**Material for this exercise**
------------------------------------------------

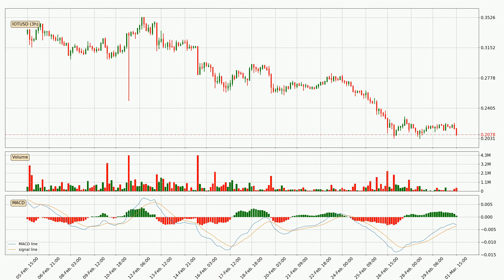In general, the larger time frames have a greater impact on the price, so please remember that when we display different time frames with different indicators. Also, the shorter time frames are only representative for short-term trading.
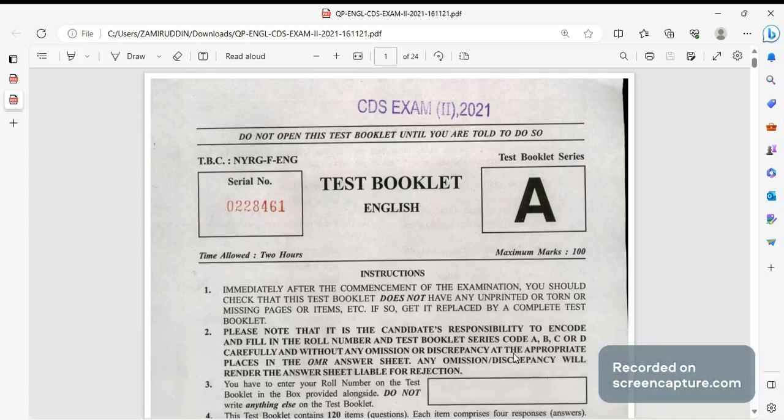Jai Hind. So in this video we will be discussing about CDS 2 2021 paper. This is English paper set A. We'll discuss all the answers for the questions. Let us see one by one.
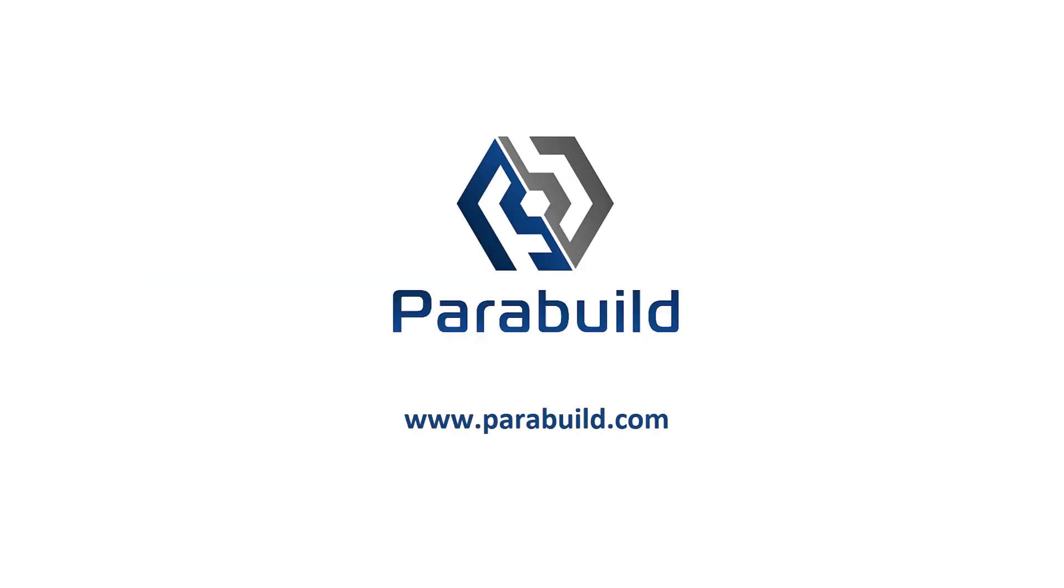There are other exercises with step-by-step instruction with each Parabuild installation. And if you'd like to try these yourself, there's a free Parabuild trial available on our website.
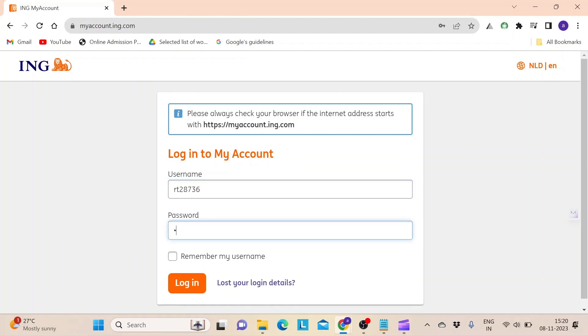Then type in the password in the next field. If you have forgotten your credentials, click on 'Lost your login details' link right next to the login button and you will be able to retrieve your credentials.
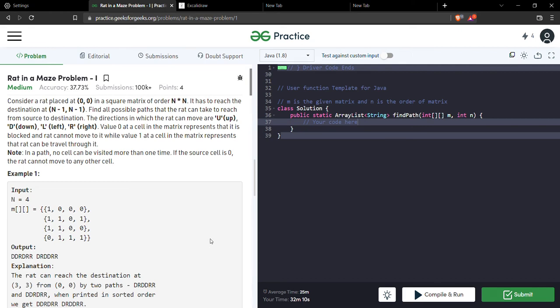Hi everyone, welcome back to the channel Fitness Coder. Today we'll be looking at a new problem called 'Rat in the Maze'. It's a medium level problem. The problem says that a rat is placed at position (0,0), which is the first position, and we have to help the rat reach its destination at (n-1, n-1), the last position.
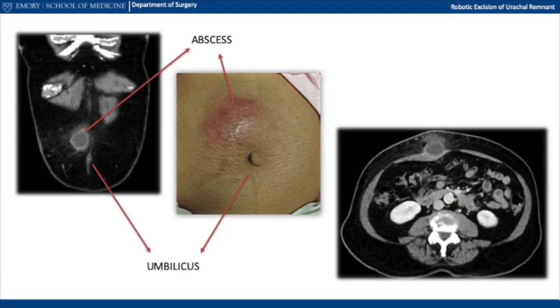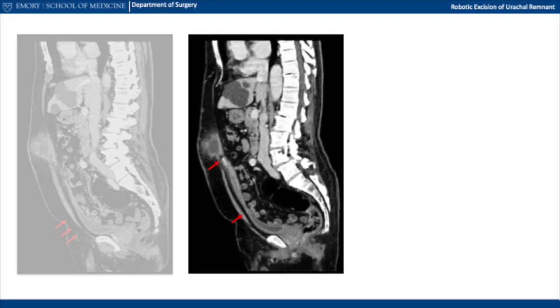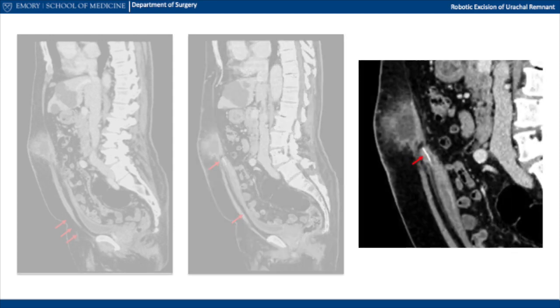Shown here is the external appearance of the abscess, as well as a CT scan demonstrating that it is completely extraperitoneal. The three arrows on this slide denote the top of the bladder on the CT scan, and in between these two arrows is noted the intra-abdominal portion corresponding to the urachal cyst. The single arrow denotes the calcification present between the abscess and the urachal cyst inside the abdomen.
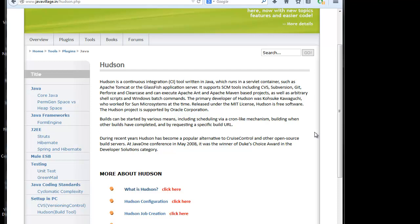Perforce and Clearcase and can execute Apache Ant and Apache Maven based projects as well as arbitrary shell scripts and Windows batch commands. Internally Hudson has a batch process set up where it will identify based on the user check-ins and check-outs to appropriate control system. During recent years Hudson has become a popular alternative to Cruise Control and other open source build servers.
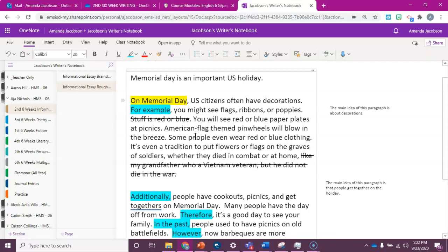You see how much more specific that is? Instead of saying stuff is red or blue, I can say that the paper plates at picnics are red or blue, the pinwheels are American flag colored, or people wear red or blue clothing. That's more specific and it lets my reader imagine it more clearly. So what you need to do is look through your draft for words like stuff, happy, bad, sad, mad, good, enjoy, and give a more specific description that the reader can actually visualize in their brain.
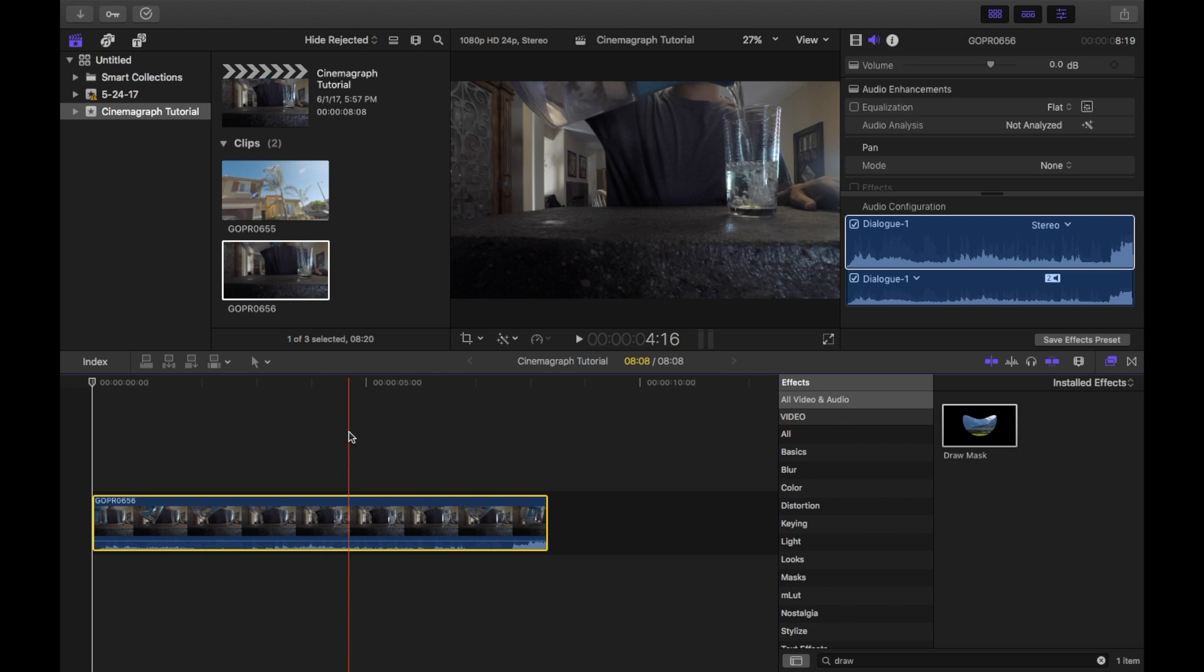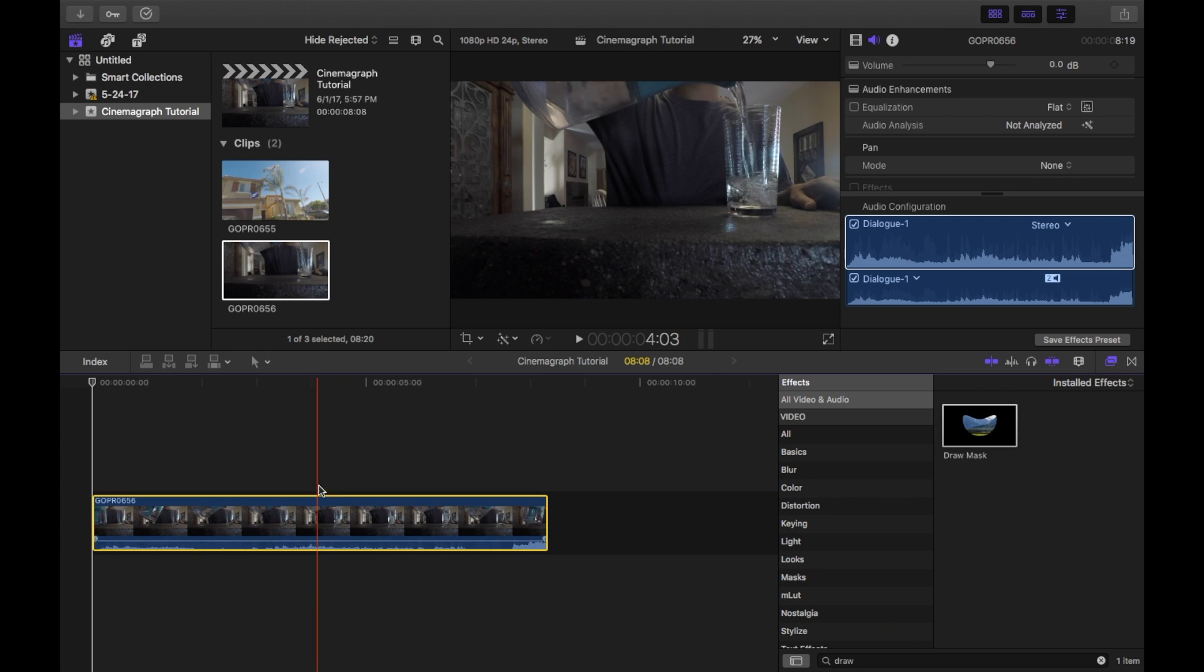Okay, so the first thing you have to do is make sure that you have a clip that is properly recorded to be used in a cinemagraph. What I mean by this is that you're either using a tripod or an extremely flat surface to record this video. If there's even a slight movement in the camera, this effect will not work at all.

------------------------------------------------

**Task description**
Leave out every picture, and copy exactly the lines above starting at the one holding "Shown here is" and ending at the one holding "You see how", no more and no less.

**Task answer**
Shown here is the external appearance of the abscess, as well as a CT scan demonstrating that it is completely extraperitoneal. The three arrows on this slide denote the top of the bladder on the CT scan, and in between these two arrows is noted the intra-abdominal portion corresponding to the urachal cyst. The single arrow denotes the calcification present between the abscess and the urachal cyst inside the abdomen.
Perforce and Clearcase and can execute Apache Ant and Apache Maven based projects as well as arbitrary shell scripts and Windows batch commands. Internally Hudson has a batch process set up where it will identify based on the user check-ins and check-outs to appropriate control system. During recent years Hudson has become a popular alternative to Cruise Control and other open source build servers.
You see how much more specific that is? Instead of saying stuff is red or blue, I can say that the paper plates at picnics are red or blue, the pinwheels are American flag colored, or people wear red or blue clothing. That's more specific and it lets my reader imagine it more clearly. So what you need to do is look through your draft for words like stuff, happy, bad, sad, mad, good, enjoy, and give a more specific description that the reader can actually visualize in their brain.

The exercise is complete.